AI & Strategy #2: Autonomous strategy design and the limits of LLMs

In this second post in the series on AI and strategy I want to explore how state-of-the-art AI systems, namely Large Language Models (LLMs), can be helpful in strategy design, and in so doing create some awareness of their limitations and pitfalls.

As a tool to have this discussion I’ll propose a framework to talk about capability levels of autonomous strategy design, much like how we talk about self-driving cars. We’ll formulate levels of self-designing strategies, whereby each level is a requirement for the next. We’ll also lean on the definition of strategy and tactics from the first post.

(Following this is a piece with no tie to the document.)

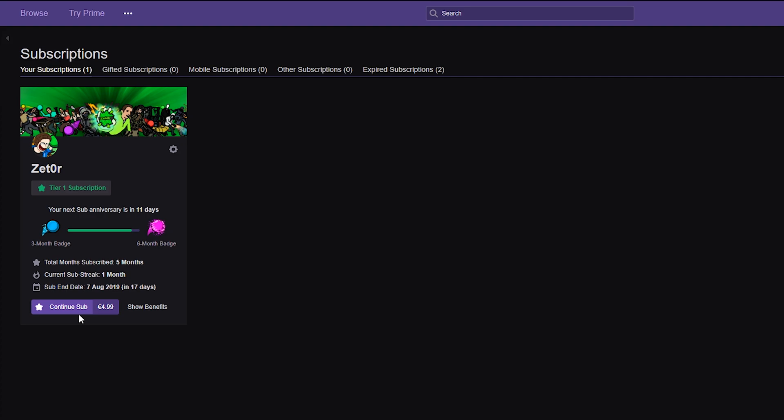Anyway guys it's as easy as that to cancel subscriptions on Twitch. If you guys enjoyed this tutorial be sure to drop a like, subscribe if you're new, check out the other videos on the channel. I'm going to be leaving a link down below to my PayPal if you found these videos helpful and you want to support me. Anyway guys thank you so much for watching. Until next time as always keep it saucy peace.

Ultimately I hope to leave you with two insights. The first is that there are real ways in which AI can enhance human strategy design. The second is a deeper understanding of why autonomy in strategy design (and really you may substitute for AGI here) is not just a matter of combining reinforcement learning with LLMs.

Recap: Situatedness in Strategy vs Tactics

In the previous post I redefined the words tactic to mean a response to an abstract situation, and strategy to mean a response to a specific situation. In other words, we use the meaning of tactic as in the phrase ‘Pincer Movement’: a type of move that brings a certain result in a certain type of situation. A strategy on the other hand is a specific response to a specific situation where it has been judged, by a specific agent, to yield a specific effect. You can learn tactics, but you cannot learn strategies, as tactics are patterns abstracted from the specific situations. Conversely you can design strategies, but you cannot design tactics, as strategies are responses to yield effects in a specific situation.

Not only is this ‘situatedness’ the defining difference between a strategy and a tactic, it is also, as I hope to convince you of, the key characteristic that limits the utility of LLMs.

Levels of autonomous strategy design.

Diagram showing a summary of levels 0 through 5 of autonomous strategy design.

Level 0 is your plain old powerpoint presentation or word document with your strategy as bullet points. It does nothing by itself and it isn’t really a system that knows or does anything strategy related.

Level 1 systems participate in strategy design in some useful way. They might suggest ideas or related resources, such as published articles or people to chat to. Given the right input, they could generate plausible explanations for, or responses to, problems.

Evaluation of a level 1 is in terms of relevance and the breadth of output. Using standard psychometric creativity tests would not be out of order either (e.g. TTCT).

A Level 2 system wouldn’t just be able to generate ideas, it would also have the ability to represent hypotheses, such as cause and effect, as well as confidence in those hypotheses. For example, a level 2 system could represent “we will win the contract if we extend the duration of support by two years“ and a strength of belief in it. When a level 2 system generates strategic content it doesn’t just produce the words, it can represent and communicate about it. That probably means it should know abstract concepts such as hypotheses, evidence, framings, alternatives, (in)compatibilities, trade-offs, and weighted scoring matrices. But note, a level 2 system doesn’t yet have to judge its own confidence; this can be outsourced to others. It just needs to be able to represent it and reason with it.

Evaluation of a level 2 system would happen by means of assessing its ability to answer questions about the strategy. Those questions would include matters of overall confidence (summing it all up), counterfactuals (e.g. what if an assumption doesn’t hold), and whether there is evidence for something or not.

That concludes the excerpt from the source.